Available data:
:::

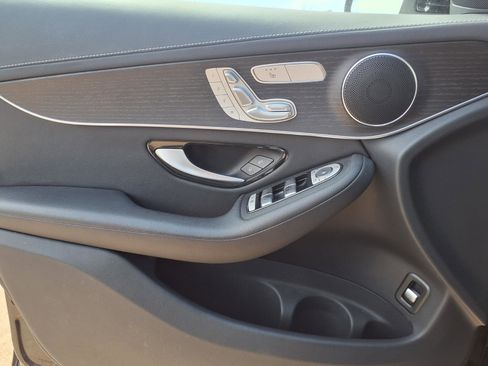 Used 2023 Mercedes-Benz GLC 300 4MATIC Coupe image 20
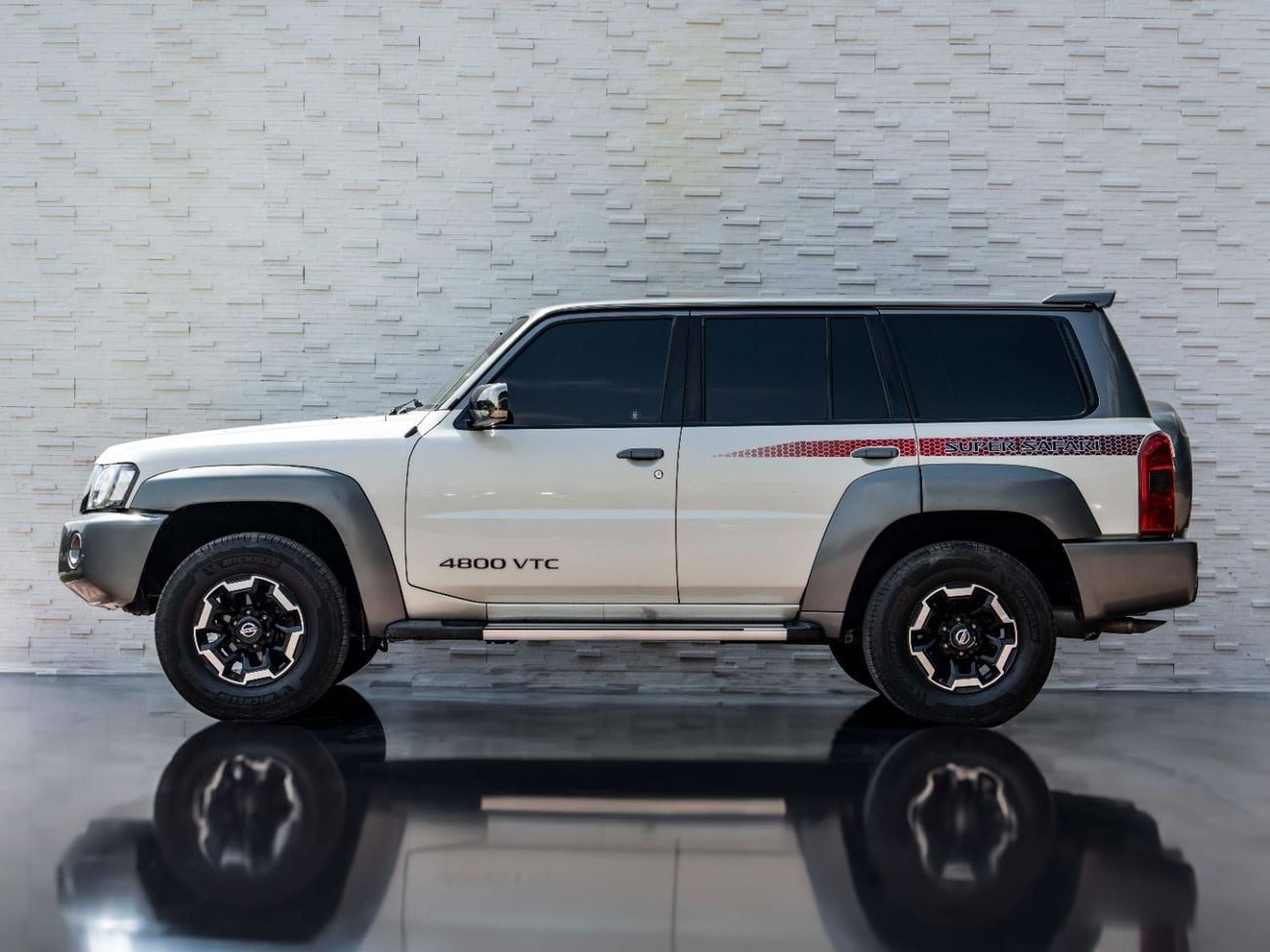 نيسان باترول سفاري Super Safari 4.8L A/T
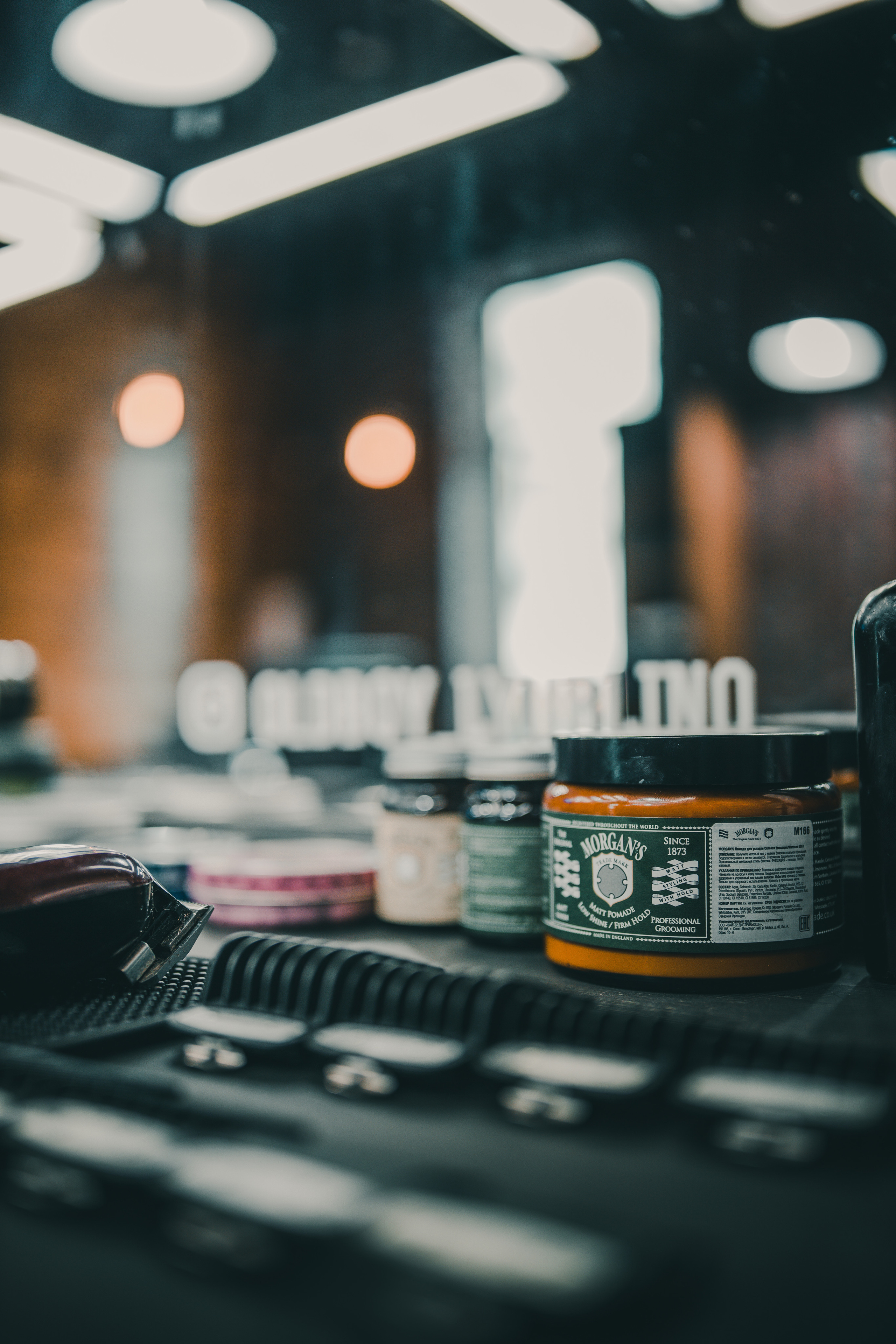 Интерьер барбершопа + предметная съёмка | OldBoy. Репортажный фотограф Семён Борисов | Москва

:::

Task objective:
Leaving the pictures out, write out all the material above exactly.

Result for this exercise:
 Used 2023 Mercedes-Benz GLC 300 4MATIC Coupe image 20
 نيسان باترول سفاري Super Safari 4.8L A/T
 Интерьер барбершопа + предметная съёмка | OldBoy. Репортажный фотограф Семён Борисов | Москва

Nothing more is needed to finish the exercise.